It looks like Google Play services has a problem. (https://stackoverflow.com/a/26541831/2228408)
For testing, you can do it by clearing Google Play services data (Settings > Apps > Google Play services > Manage Space > Clear all data).
Or, at this time, you need to implement it by using Drive SDK v2.
I think you are correct that it is by design.
By inspection I have concluded that until an app places data in the AppFolder folder, Drive does not sync down to the device however much to try and hassle it. Therefore it is impossible to check for the existence of AppFolder placed by another device, or a prior implementation. I'd assume that this was to try and create a consistent clean install.
I can see that there are a couple of strategies to work around this:
1) Place dummy data on AppFolder and then sync and recheck.

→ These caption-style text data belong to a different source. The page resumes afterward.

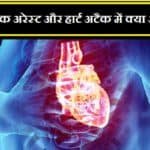 कार्डियक अरेस्ट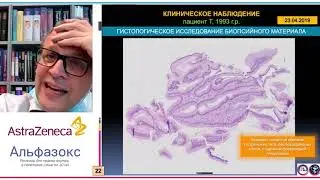 Рак пищевода Баррета у пациента 25 лет: клиническое наблюдение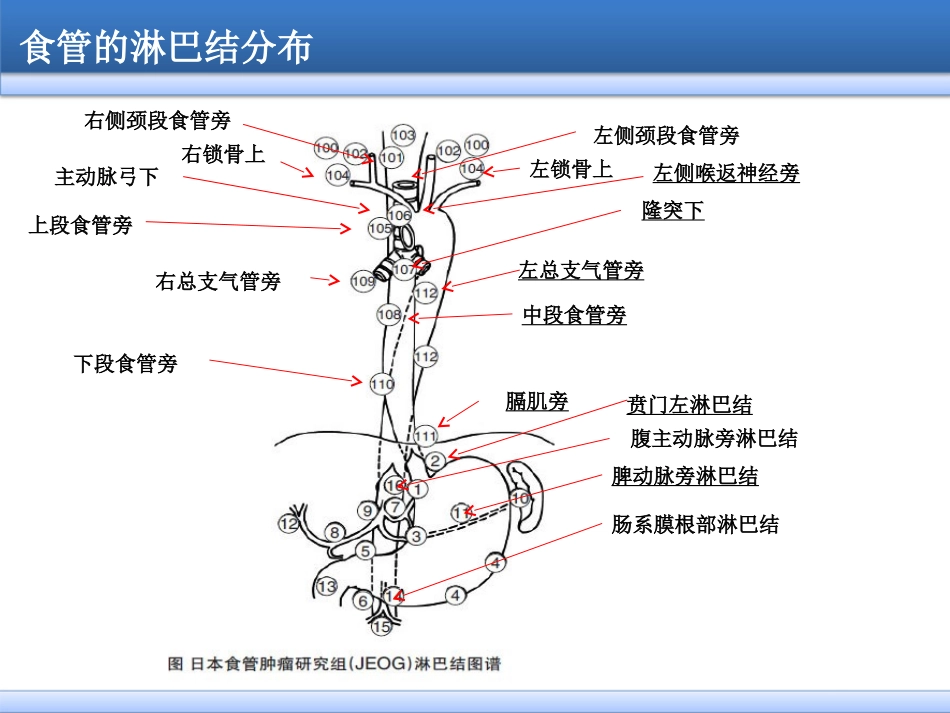 食管癌淋巴结三野清扫_第2页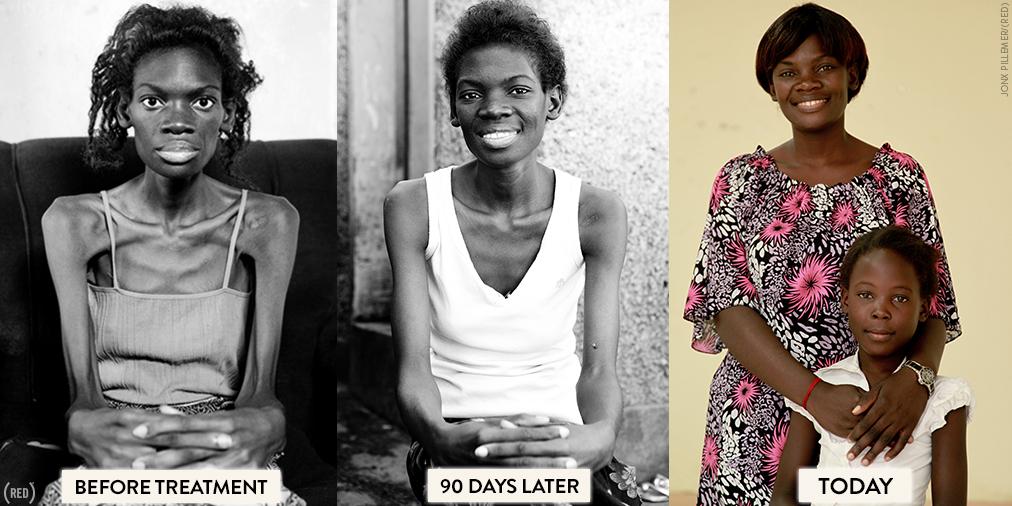 Hiv Patient Before And After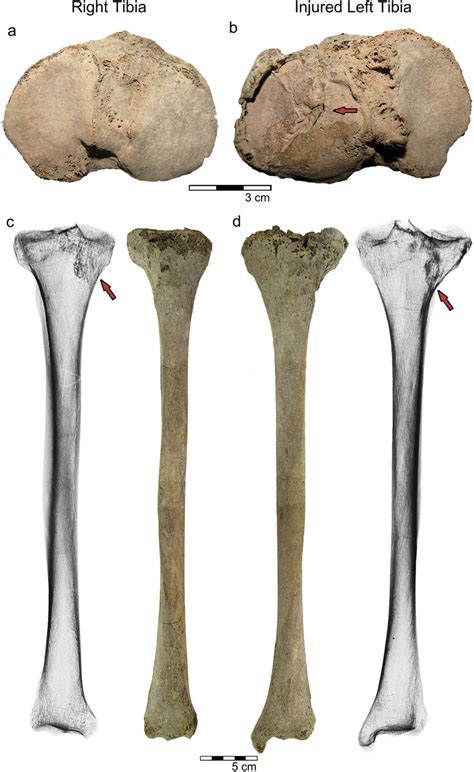 Comparison Between The Right Tibia Left Column And The Left Tibia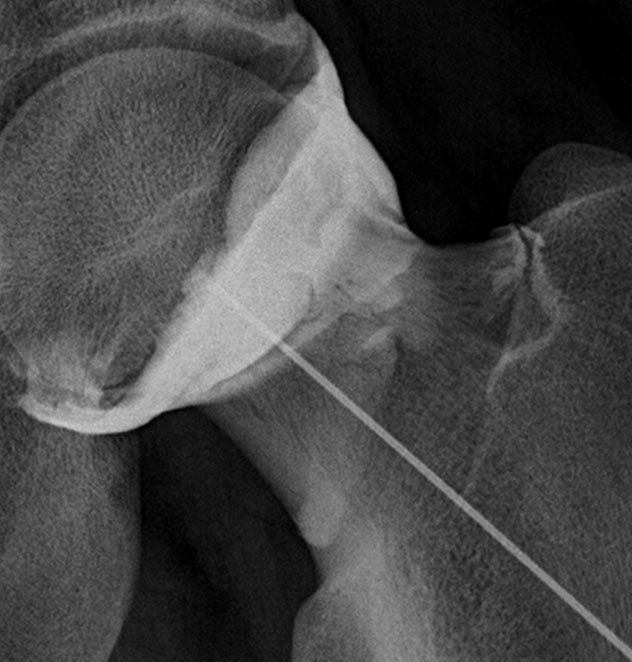 Radiographie d'une articulation de la hanche avec une fine broche ou aiguille métallique insérée en diagonale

2) Accept that in the first instance there is the possibility of duplicates, as you cannot access the existing file by definition you will create a new copy, and use custom metadata to come up with a scheme to differentiate like-named files and choose which one you want to keep (essentially implement your conflict merge strategy across the two different files).
I've done the second, I have an update number to compare data from different devices and decide which version I want so decide whether to upload, download or leave alone. As my data is an SQLite DB I also have some code to only sync once updates have settled down and I deliberately consider people updating two devices at once foolish and the results are consistent but undefined as to which will win.